Ta książka o dorastaniu w sielskim otoczeniu podszyta jest niepokojem, jakimś wewnętrznym drżeniem, które zapowiada katastrofę. Ale zanim do niej dojdzie autorka poprowadzi nas drogą pełną wyrafinowanych i okrutnych zabaw, które z dziecięcą niewinnością niewiele mają wspólnego.
Obrazek jakich wiele: Trójka przyjaciół, Eva, Pim i Laurens, dorasta w małej, flamandzkiej wsi. Są nierozłączni, całe dnie spędzają razem. Nie mają przed sobą tajemnic ,są swoistą jednością. Ich bliskość pozwala im łamać kolejne tabu, przekraczać granice wstydu. Nikt nie ma nad tym kontroli, dorośli żyją w swoim ograniczonym, patologicznym świecie, nie chcą i nie potrafią wejść w rolę rodziców.

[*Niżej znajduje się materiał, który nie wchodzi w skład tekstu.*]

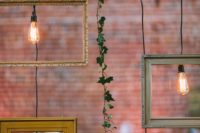 16 wedding decor with fresh greenery, frames and bulbs hanging down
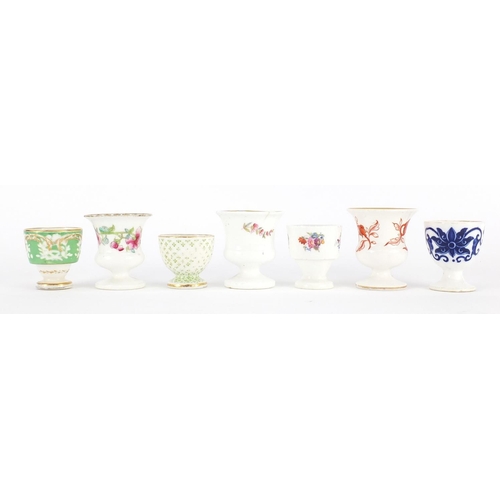 612 - Seven early 18th century egg cups, predominantly Coalport, some hand painted with flowers, each with... 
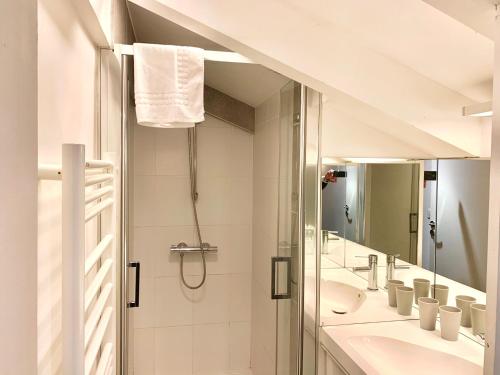 a bathroom with a shower and two sinks and a mirror at Residence Service Appart Hôtel in Clamart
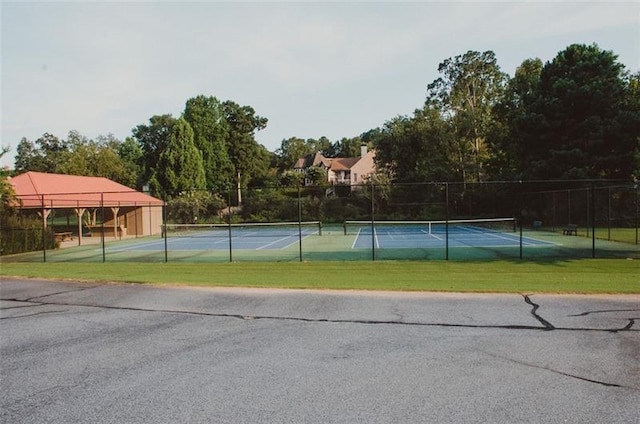 view of tennis court featuring a lawn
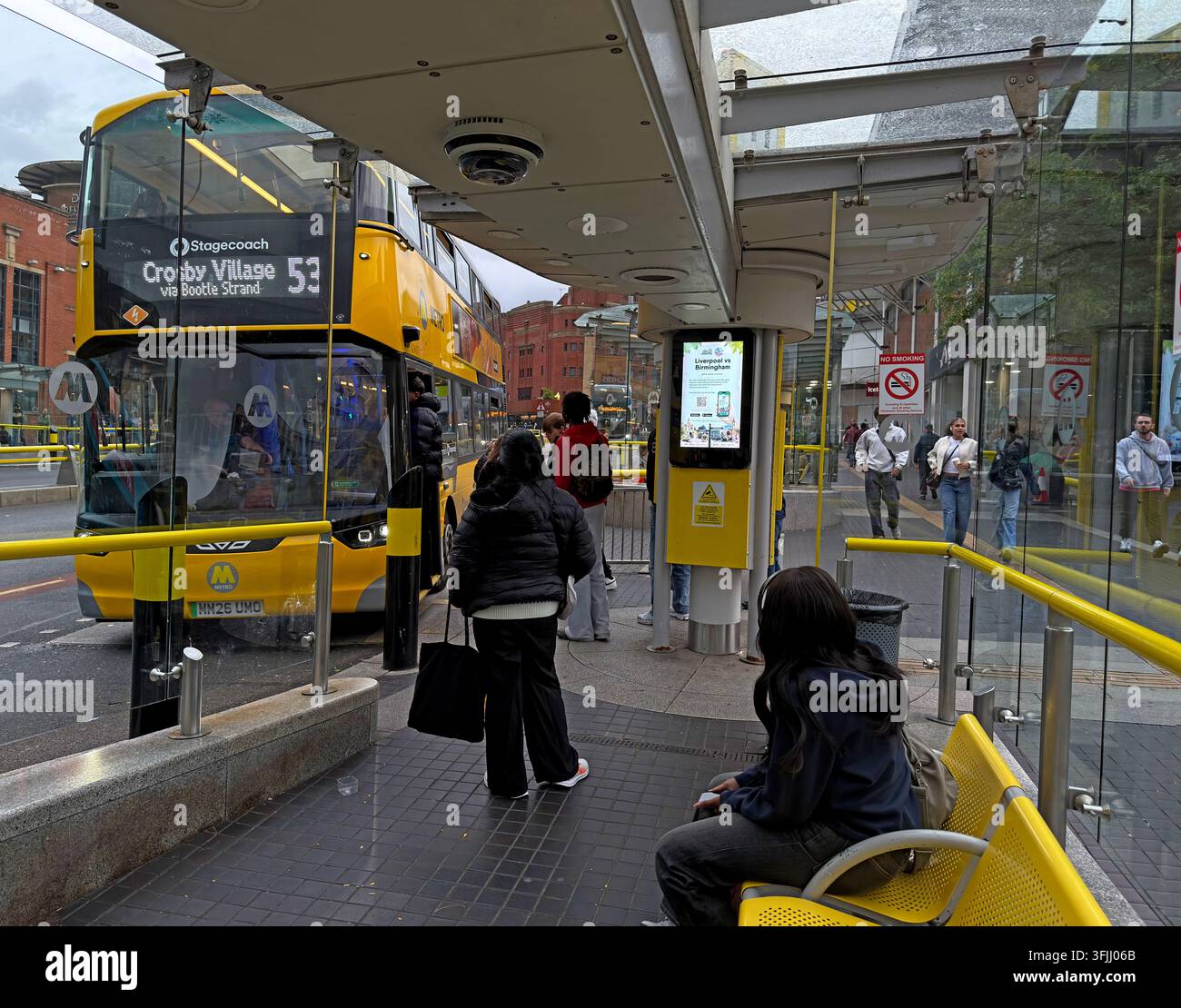 Passenger boarding a Liverpool City Region EV Wrightbus Electroliner Metro electric bus at Queen Square during the 2026 rollout of franchised services Stock Photo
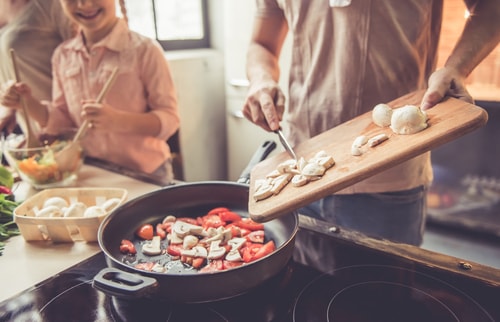 Family cooking a meal at home on the stove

Brak wzorców, brawura, nuda i rodzące się poczucie własnej seksualności popycha dzieci do niebezpiecznych eksperymentów. Zabawa w pytania i odpowiedzi przeradza się w pełne okrucieństwa , upokorzenia i bólu doświadczenie, którego skutki okażą się dramatyczne i zaważą na życiu wszystkich jego uczestników. Tytułowy szpadel odegra tu swoją istotną rolę.
Ta historia ma swój dalszy ciąg, gdy Eva dorasta i wraca do rodzinnej wioski. Wraca niesiona wspomnieniami i emocjami, z którymi nie potrafi sobie poradzić. Wraca, by wyrównać rachunki. Odkupić winy. Ukarać winnych. Ujawnić sekrety. Odzyskać spokój. Zakończyć to, co zaczęła.
„Szpadel” szokuje i przeraża. Kontrasty, na których bazuje książka potęgują uczucie zdumienia, niewiary, odrzucenia. Nie chcemy znać takiego świata, nie akceptujemy go. Dzieciństwo i dojrzewanie zbrukane gwałtem, bólem, śmiercią nabierają nowego wymiaru. Granice dobra i zła, miłości i nienawiści, niewinności i patologii nie istnieją. Jest życie, w którym rządzą prymitywne instynkty i obojętność. Opresyjna rzeczywistość zaraża, poraża i prowadzi do katastrofy. W tej książce nie ma pozytywnych i negatywnych bohaterów. Są same ofiary.
Mocna, poruszająca książka. Nieakceptowalnie prawdziwa.